The Challenges of News Reporting in an Election Year: A Q&A with Dean Cobb in Columbia Magazine

Jelani Cobb, the dean of Columbia Journalism School, Peabody Award–winning filmmaker, and longtime staff writer at the New Yorker, discusses the complexities of journalism in 2024.  

Editor's note:

This article was originally published in the Spring/Summer 2024 Issue of Columbia Magazine

Lorraine Glennon
May 08, 2024

There’s nothing like a presidential-election year to fire up the media. Does this mean people will be paying more attention to news? And does journalism still shape voters’ thinking on issues? 

I do think people will be paying attention to news; they’re already paying attention. And yes, journalism does shape the way voters think about issues, but it no longer shapes it as it once did. Today’s journalists are competing with information sources from all over the spectrum, many of which are not reliable, not vetted, not professional. So the perspectives people have on what happens in the election will realistically be some combination of information they receive from high-quality, vetted news sources and an array of misinformation and disinformation that has proliferated since the 2016 election. 

One hypothesis about this glut of mis- and disinformation is that it arises from the siloing of news consumers around dubious sources that simply echo their own preconceptions. 

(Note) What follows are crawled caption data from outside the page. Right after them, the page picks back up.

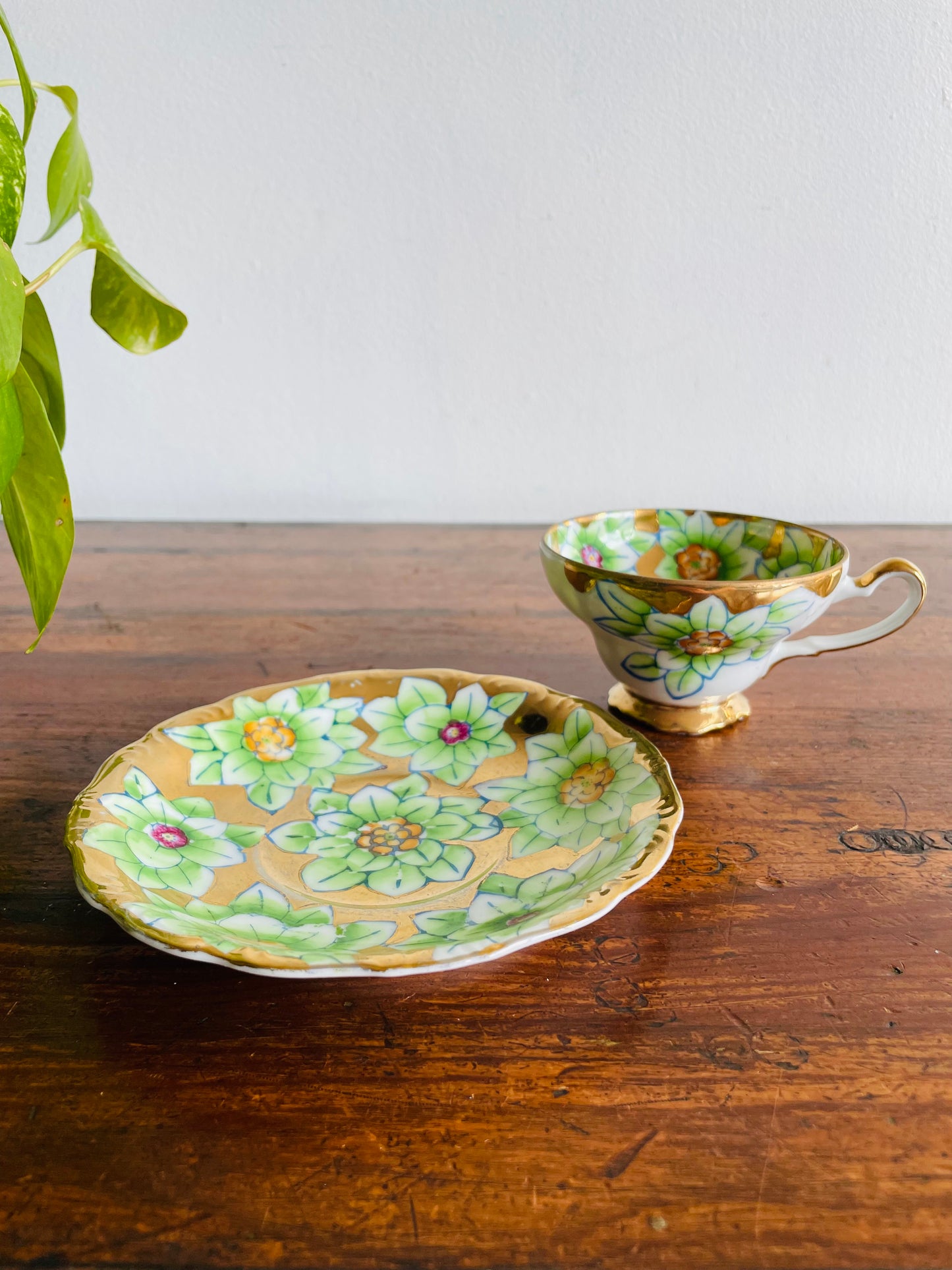 1940s Trimont China Hand Painted Gold & Flower Teacup & Saucer - Made in Occupied Japan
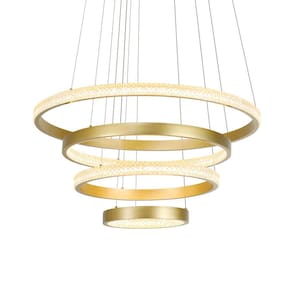Lustre Pendente Nordecor Bean 2460 Dourado Led Bivolt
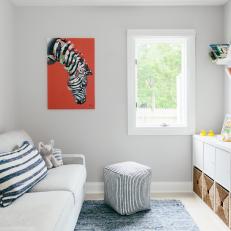 Transitional Playroom With Zebra Art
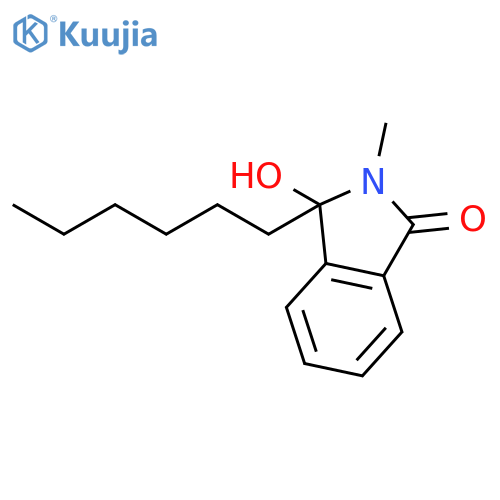1H-Isoindol-1-one, 3-hexyl-2,3-dihydro-3-hydroxy-2-methyl- structure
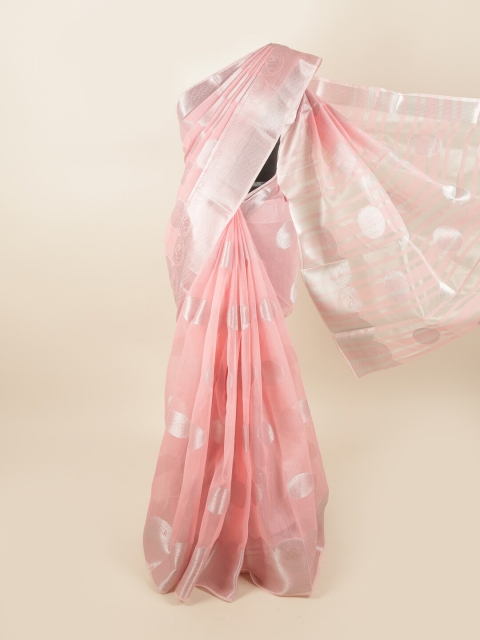 Pothys Pink & Silver-Toned Ethnic Motifs Chanderi Cotton Zari Saree
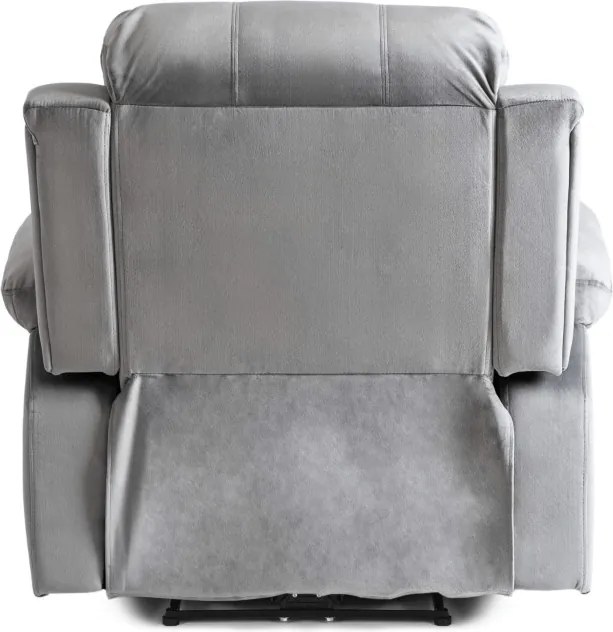 Fotel Masujący ARON Elektryczny Rozkładany z Podnóżkiem Szary Welurowy Nowoczesny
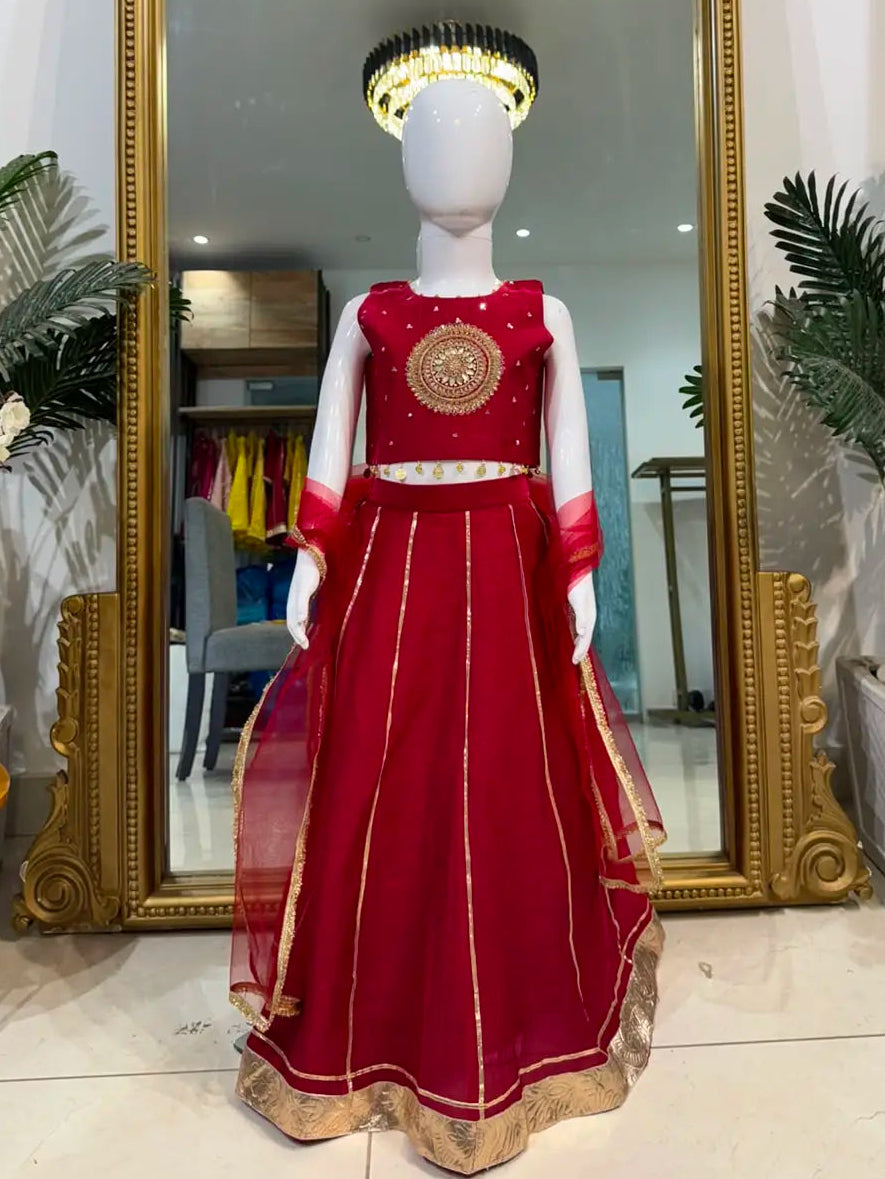 Red girls lehenga set with handwork and Rajasthani Gota work in Mul fabric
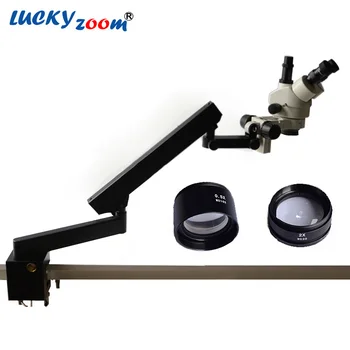 

3.5X-90X Soldering Trinocular Microscope Table Clamp Stereo Microscope Repair Articulating Arm 0.5X 2.0X Objective Len Microscop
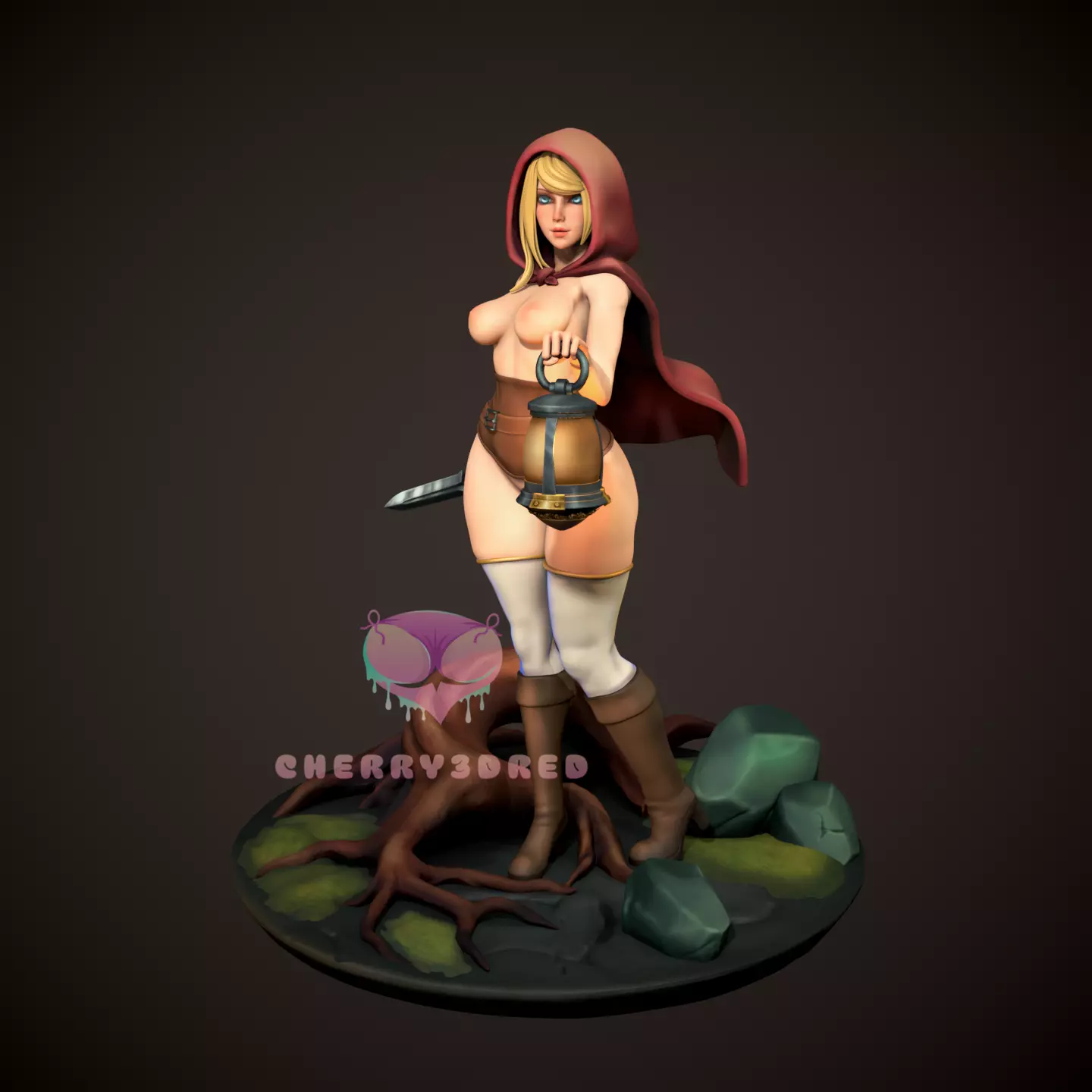 NSFW Red Riding Hood 3d Print STL Non and Pre Supported version 3D print model_0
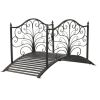 4' Metal Arch Backyard Garden Bridge with Safety Siderails, Delicate Scrollwork,  Easy Assembly, Black Bronze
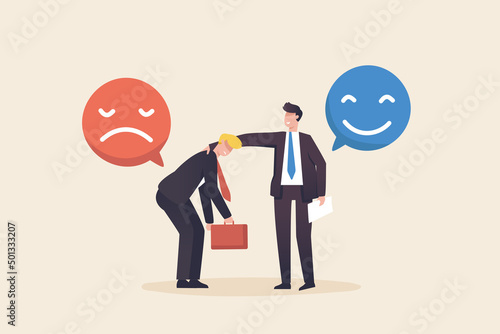 Positive thoughts, negative emotions, bad experiences. The customer or colleague is not happy. optimistic, compassionate attitude. Leader comforts his subordinates.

Siloing and people’s reliance on news that most closely conforms to their worldview is certainly one factor. That has been a problem going back a century or more, to the days of the “newspaper wars,” when even smaller American cities had several daily newspapers, each aimed exclusively at a specific type of reader who disliked and distrusted the readers of all the competing newspapers. That pattern continues, and has intensified, in the digital age. But the other factor is the dearth of information, period. We are dealing with the siloing problem in the context of news deserts. Increasingly, in communities all over the country, citizens have no access to local news. That exacerbates the problem. 

These news deserts presumably reflect the financial struggles of the news business across all media. Dwindling advertising revenue has triggered layoffs, cutbacks, and outright shutdowns at hundreds of media outlets. Is there a positive side to this grim picture?

The challenges to journalism are significant, there’s no doubt about that. And yes, the predominant concern is resources. But even as we’re grappling with these difficulties, we’re also seeing an unprecedented level of innovation. It’s important to keep track of that. We have an emerging and vital nonprofit sector in journalism. News organizations such as Documented [a nonprofit digital-news site focused on immigration founded by Max Siegelbaum ’16JRN and Mazin Sidahmed ’16JRN] are experimenting with novel methods of dissemination, sending out targeted information to their readers by text message. We have not seen this much innovation on the technical side of news in easily a century. 

We still need to figure out how to create sustainable news organizations outside the ecosystem of social media, but there are success stories. The Texas Tribune is the nonprofit news website that people point to most commonly, but there’s also VTDigger in Vermont and Sahan Journal in Minnesota [founded by Mukhtar M. Ibrahim ’17JRN], among others. These are news organizations that have sprung up in the aftermath of a serious decline in institutional news in those locations. They have broken news, covered important stories, and figured out how to staff up and find a stable financial model through a combination of philanthropy, memberships, and public events.